I suspect we all have very thin skin in some areas, and very thick skin in others. What our loved ones say probably bothers more of us than not, etc. There are certainly a few select people who can hurt my feelings with a negative comment. But not about my writing.
But I was very luck when it came to writing and a thick skin. I showed the first short story I wrote to not one but two critique groups. Good groups with several professional writers as members. Without exception, they savaged the story, found a dozen things wrong, and said it stood no chance of selling without MAJOR changes.
I took the poor little story home, read it a gain, and decided I liked it as it was. I sent to to a national magazine, and it sold for $450. At the time, that was a lot of money. Just a bit more than my day job paid in a month.
Not having learned my lesson, I showed those groups a second story, and had the same results. They savaged it, I submitted it, and again it sold, this time for $1,000. Then I wrote a short essay. I didn't go back to the groups, but I showed it to a beta I knew, someone who had written and sold a fair number of essays. He hated everything about my essay. He hated the writing, hated the format, hated, I think, the paper it was on. He may even have hated the ink. It sold first time out for for $800.
None of the editors asked for a rewrite, and published the pieces without changing a word. My day job paid just under $450 per month, and those three stories, written in a total of about sixteen hours, brought in $2,250, or just over $140 per hour.
Clearly, either the critique groups and the beta reader were wrong, or I'd found three very foolish working editors.
I've also seen the opposite happen on many occasions.

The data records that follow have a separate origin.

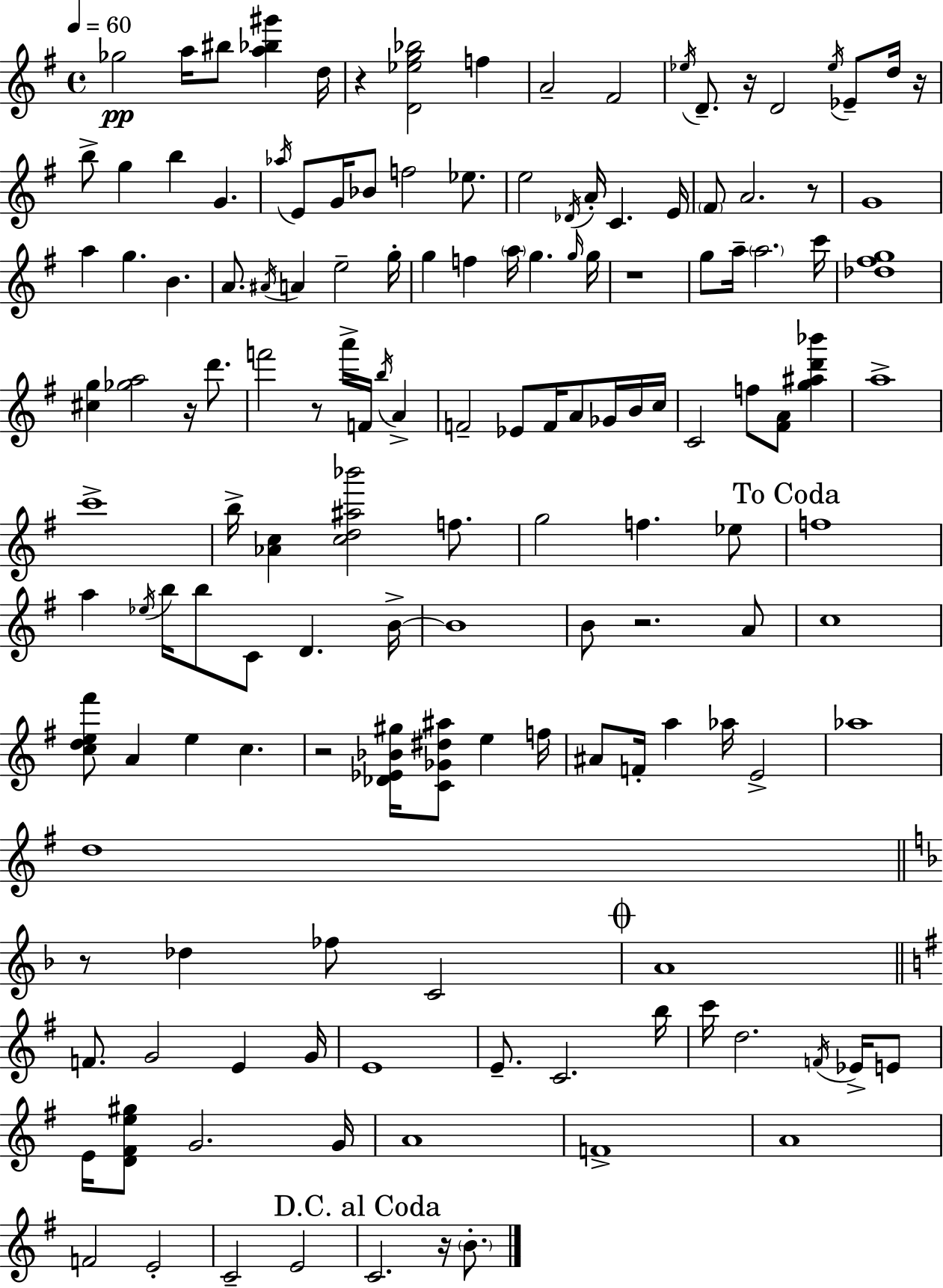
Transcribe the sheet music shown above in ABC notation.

X:1
T:Untitled
M:4/4
L:1/4
K:G
_g2 a/4 ^b/2 [a_b^g'] d/4 z [D_eg_b]2 f A2 ^F2 _e/4 D/2 z/4 D2 _e/4 _E/2 d/4 z/4 b/2 g b G _a/4 E/2 G/4 _B/2 f2 _e/2 e2 _D/4 A/4 C E/4 ^F/2 A2 z/2 G4 a g B A/2 ^A/4 A e2 g/4 g f a/4 g g/4 g/4 z4 g/2 a/4 a2 c'/4 [_d^fg]4 [^cg] [_ga]2 z/4 d'/2 f'2 z/2 a'/4 F/4 b/4 A F2 _E/2 F/4 A/2 _G/4 B/4 c/4 C2 f/2 [^FA]/2 [g^ad'_b'] a4 c'4 b/4 [_Ac] [cd^a_b']2 f/2 g2 f _e/2 f4 a _e/4 b/4 b/2 C/2 D B/4 B4 B/2 z2 A/2 c4 [cde^f']/2 A e c z2 [_D_E_B^g]/4 [C_G^d^a]/2 e f/4 ^A/2 F/4 a _a/4 E2 _a4 d4 z/2 _d _f/2 C2 A4 F/2 G2 E G/4 E4 E/2 C2 b/4 c'/4 d2 F/4 _E/4 E/2 E/4 [D^Fe^g]/2 G2 G/4 A4 F4 A4 F2 E2 C2 E2 C2 z/4 B/2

Critique groups and beta readers parsing stories to death, telling the writer he's definitely got what it takes, and then nothing sells. Nothing. For months and years. That has to be disheartening.
It's tough to have a thin skin when something like this happens. But had none of those stories sold, who knows, I may have been discouraged to the point of quitting? I suspect thin skin/thick skin is as much a result of circumstances as of personality.
I do think any sale can help with thin skinitis. I have a friend who went unpublished for several years, with the exception of one small sale to a fairly decent literary magazine. But that one sale kept him going until he was able to start selling to larger magazines, and on a regular basis.
Anyway, I have no idea how thin my skin would be had I made no sales. I do suspect it couldn't have been paper thin anyway, or I wouldn't have submitted that first story without changes after all the savage comments.